**** INPUT MATERIAL ****
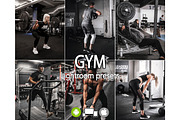 45 Moody Gym Lightroom Presets, a Preset Add-On by Presets by Yevhen (Thumbnail 3 of 9)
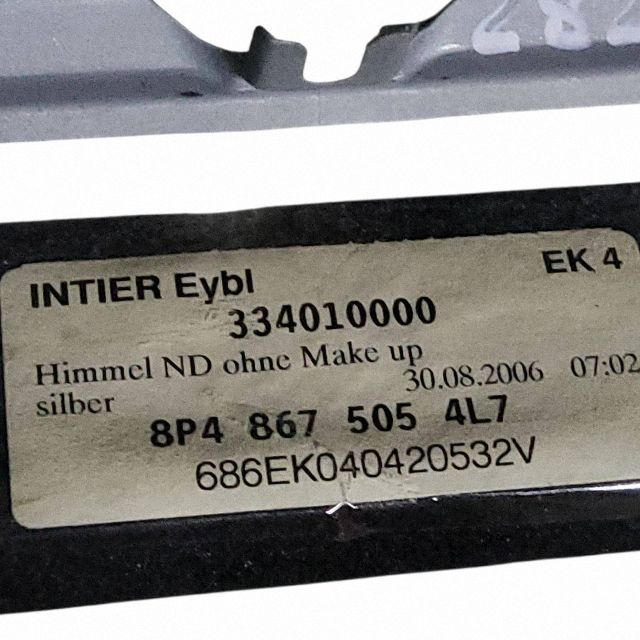 Pavillon Audi A3 8P Occasion OEM 8P48675054L7 image 7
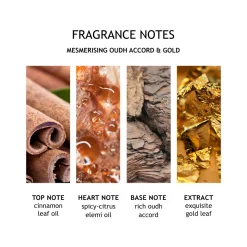 Oudh Accord & Gold Body Wash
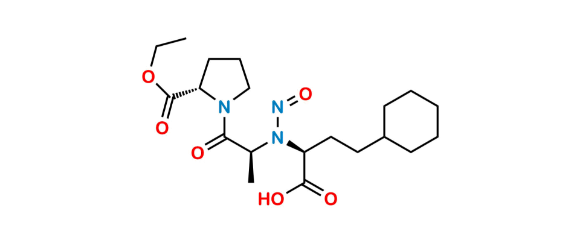 Picture of Enalapril Nitroso Impurity 2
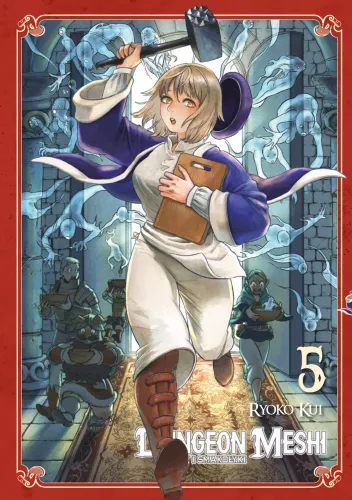 Przygodowa manga o lochach i gotowaniu z potworów - Dungeon Meshi Tom 5 na Arena.pl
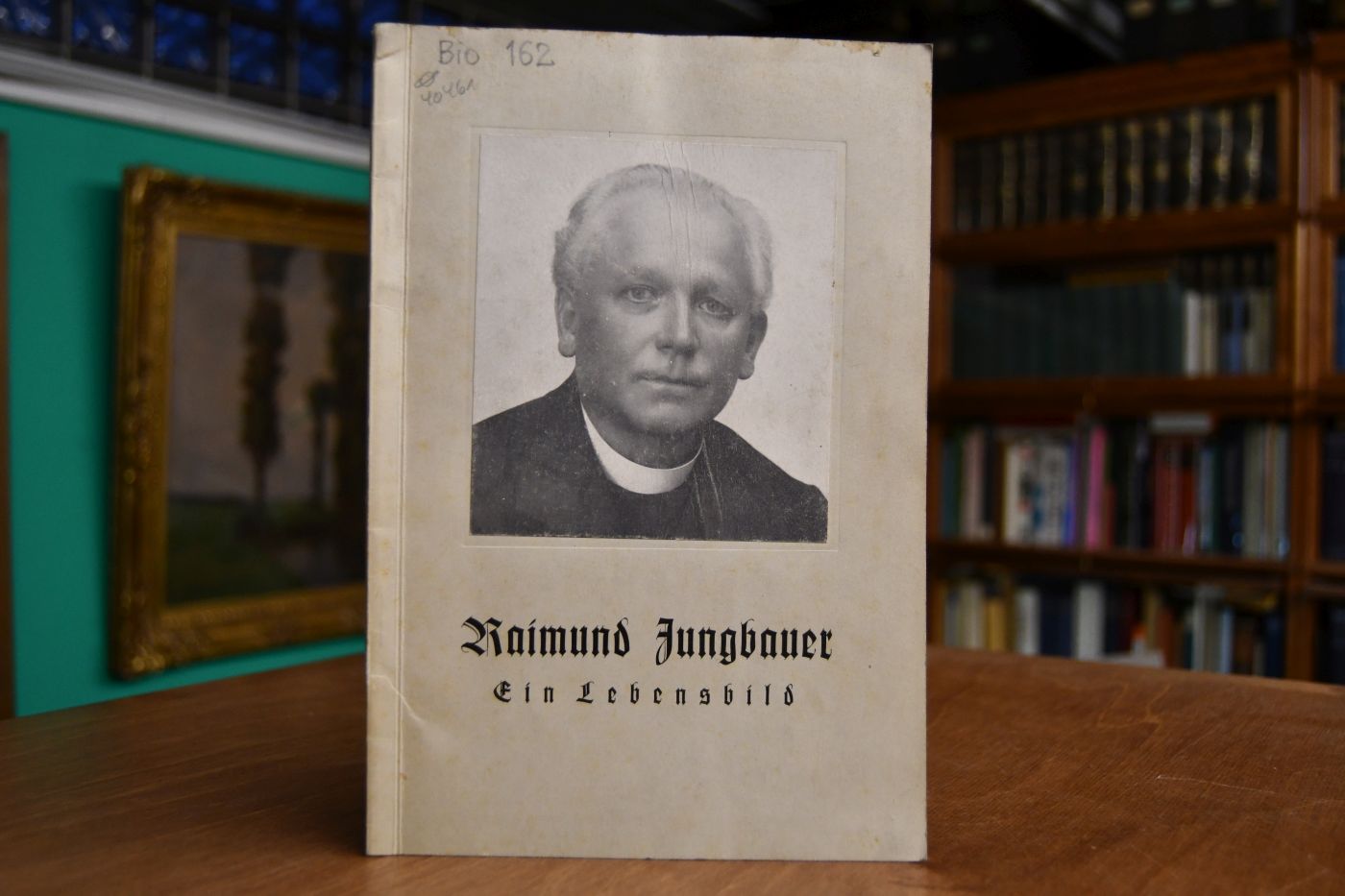Raimund Jungbauer. Ein Lebensbild anläßlich der Vollendung des 60. Lebensjahres verfaßt.
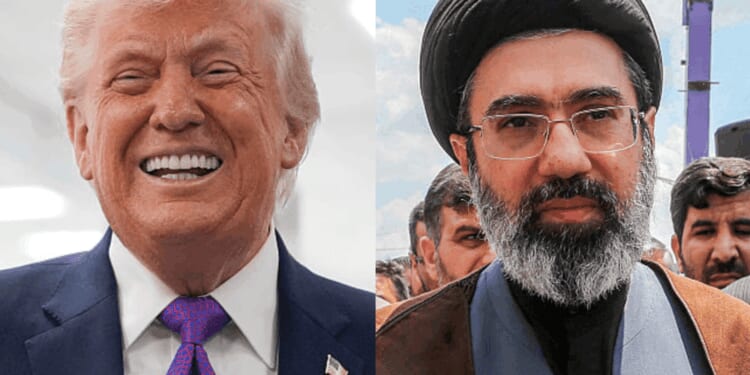 Trump's hilarious response after intel reportedly tells him Iran's new supreme leader might be gay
****
▸ TASK ITEM:
All of the entries above are to be written out exactly, with no pictures.

▸ FINAL ANSWER:
 45 Moody Gym Lightroom Presets, a Preset Add-On by Presets by Yevhen (Thumbnail 3 of 9)
 Pavillon Audi A3 8P Occasion OEM 8P48675054L7 image 7
 Oudh Accord & Gold Body Wash
 Picture of Enalapril Nitroso Impurity 2
 Przygodowa manga o lochach i gotowaniu z potworów - Dungeon Meshi Tom 5 na Arena.pl
Raimund Jungbauer. Ein Lebensbild anläßlich der Vollendung des 60. Lebensjahres verfaßt.
 Trump's hilarious response after intel reportedly tells him Iran's new supreme leader might be gay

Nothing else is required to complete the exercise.